Task to complete: Exact copies of the lines from the one with "CardioExpert II تصوير الشاشة 1" through the last line of the entries, and no pictures, make up the answer.

==================================================

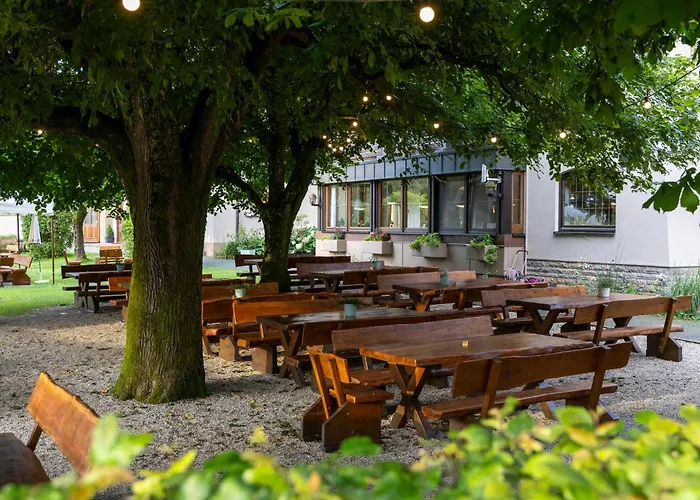 Hotel Lindenhof Hubmersberg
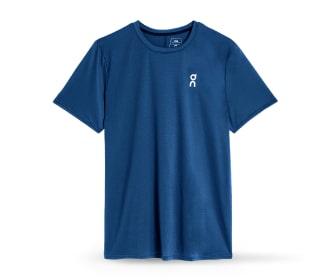 playera color azul, ON AG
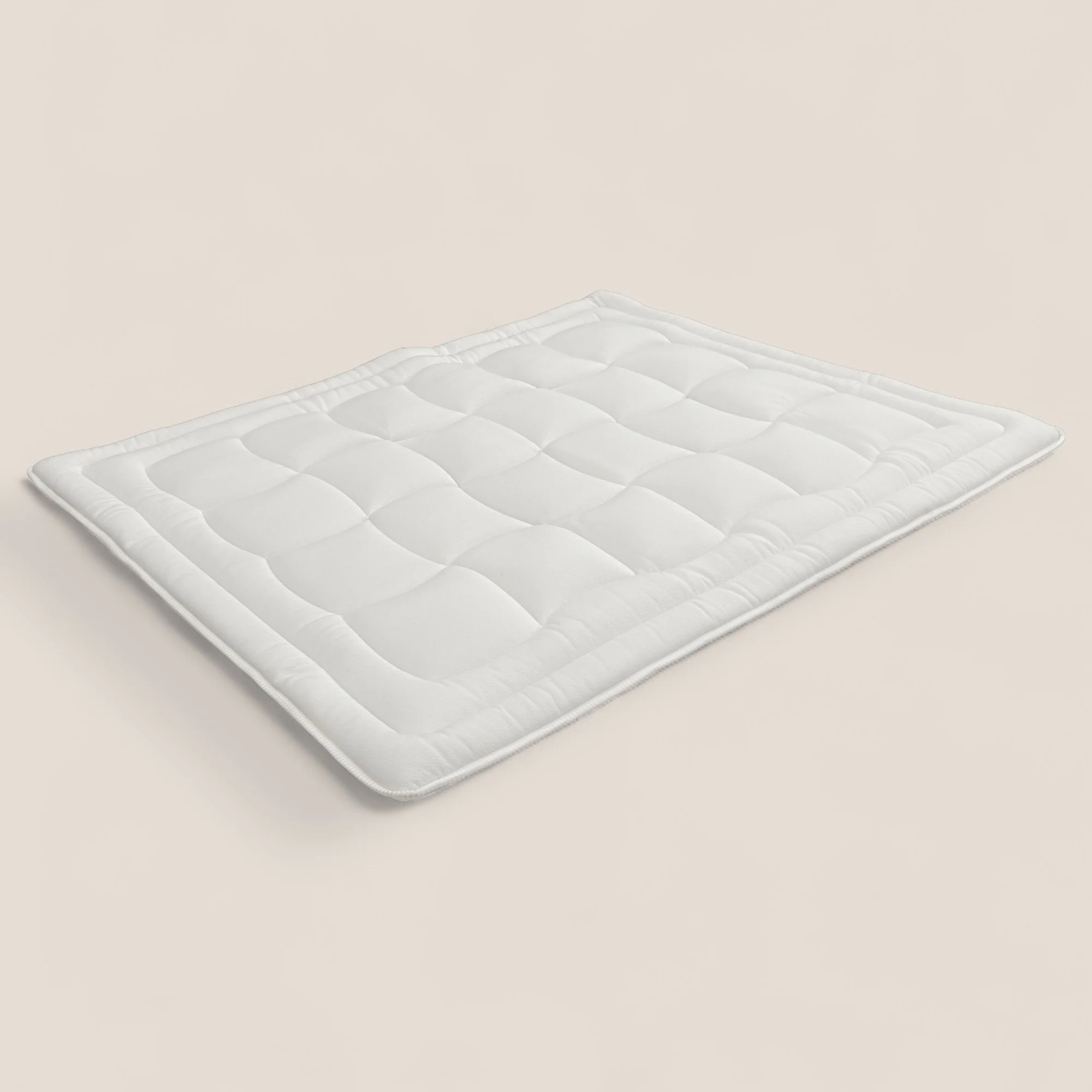 KYROS-CLOUD Topper Luxury en Mémoire de Forme H5 cm avec technologie CoolMax - Image 3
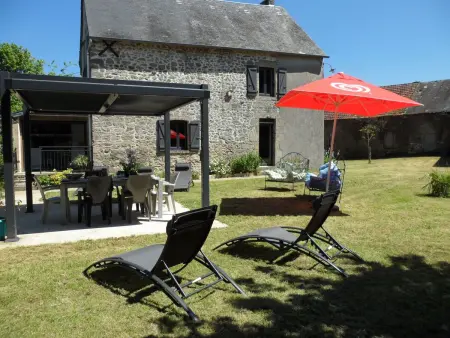 Aelise  mit eigenem Pool, Maison 5 personnes à Saint Hilaire - Photo 9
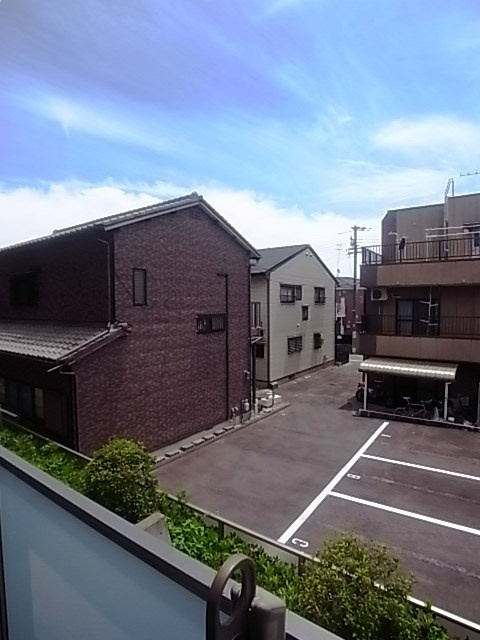 アーバンドルフ甲子園口の展望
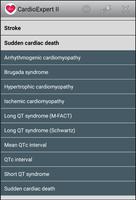 CardioExpert II تصوير الشاشة 1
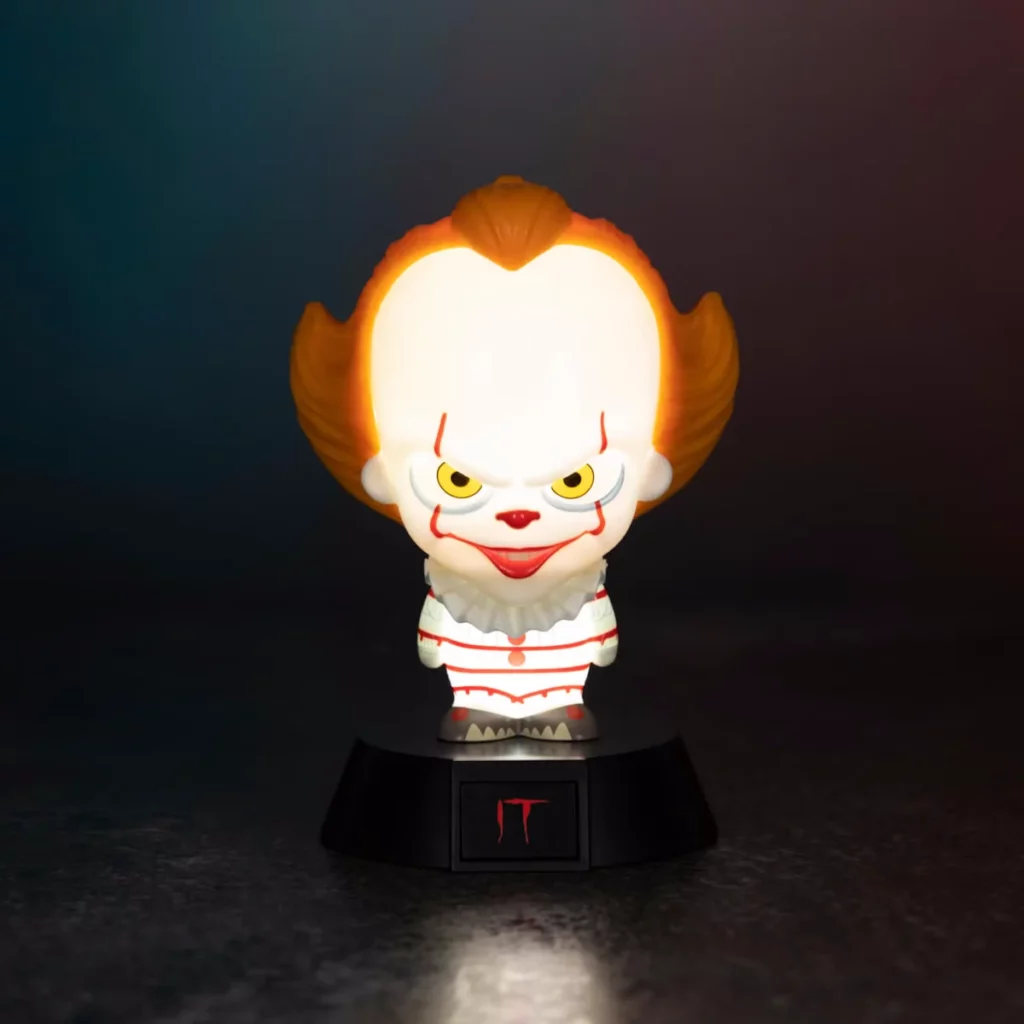 04. Paladone Stephen Kings It Pennywise Icon Light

==================================================

Task answer:
 CardioExpert II تصوير الشاشة 1
 04. Paladone Stephen Kings It Pennywise Icon Light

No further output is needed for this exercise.